Partial Least Squares (PLS) is a popular method for relative importance analysis in fields where the data typically includes more predictors than observations. It is a dimension reduction technique with some similarities to principal component analysis. The predictor variables are mapped to a smaller set of variables and within that smaller space, we perform a regression against the outcome variable. In contrast to principal component analysis where the dimension reduction ignores the outcome variable, the PLS procedure aims to choose new mapped variables that maximally explain the outcome variable.
Requirements
A Displayr document with data. In this example, we are going to load the data found in this link.
Please note these steps require a Displayr license.
Method
- Drag the variable "Q6" onto the Page from the Data Sources tree to create a summary table. This produces a table showing the breakdown of the respondents by category. It includes a Don't Know category that doesn't fit in the ordered scale from Love to Hate.
- To remove Don't Know, click on Q6 in the Data Sourcestree, then from the object inspector, go to Data > Properties > Missing Values.
- Change Missing Values for the Don't Know category to Exclude from analyses, which produces the table below:
- Restructure the variable to Numeric by selecting Q6 in the Data Sources tree, and from the object inspector, go to Data > Properties > Structure > Numeric, which produces a table that looks like this:
- To create the PLS model, select Calculation > Custom Code from the toolbar.
- Click onto the page to place the custom calculation.

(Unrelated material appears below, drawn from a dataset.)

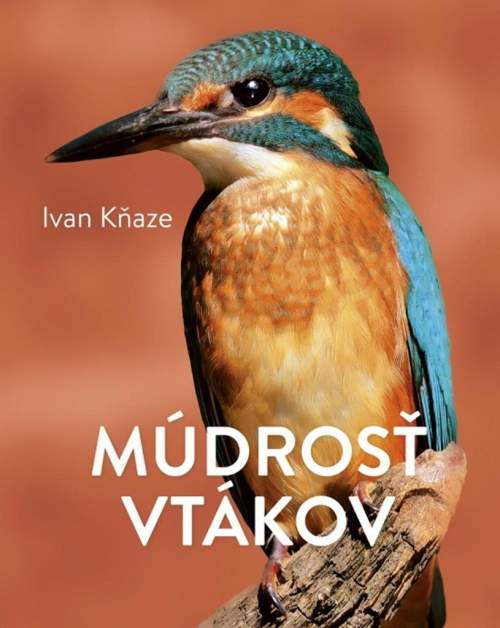Múdrosť vtákov - Ivan Kňaze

- Paste the following snippet into the R Code editor:
dat = data.frame(Q6_, Q5_0_, Q5_1_, Q5_2_, Q5_3_, Q5_4_, Q5_5_, Q5_6_, Q5_7_, Q5_8_,
Q5_9_, Q5_10_, Q5_11_, Q5_12_, Q5_13_, Q5_14_, Q5_15_, Q5_16_, Q5_17_,
Q5_18_, Q5_19_, Q5_20_, Q5_21_, Q5_22_, Q5_23_, Q5_24_, Q5_25_, Q5_26_,
Q5_27_, Q5_29_, Q5_28_, Q5_30_, Q5_31_, Q5_32_, Q5_33_)
library(pls)
library(flipFormat)
library(flipTransformations)
dat = AsNumeric(ProcessQVariables(dat), binary = FALSE, remove.first = FALSE)
pls.model = plsr(Q6_ ~ ., data = dat, validation = "CV")
The first line selects Q6_ as the outcome variable (strength of preference for a brand) and then adds 34 predictor variables, each indicating whether the respondent perceives the brand to have a particular characteristic. In your project, these variables can be dragged across from the Data Sources tree on the left into the R Code editor rather than typing them in one by one.
Next, the 3 libraries containing useful functions are loaded. The package pls contains the function to estimate the PLS model, and Displayr's publicly available packages, flipFormat, and flipTransformations are included to help transform and tidy the data. Since the R pls package requires inputs to be numerical, we converted the variables from categorical to numeric. In the final line above the plsr function does the work and creates pls.model.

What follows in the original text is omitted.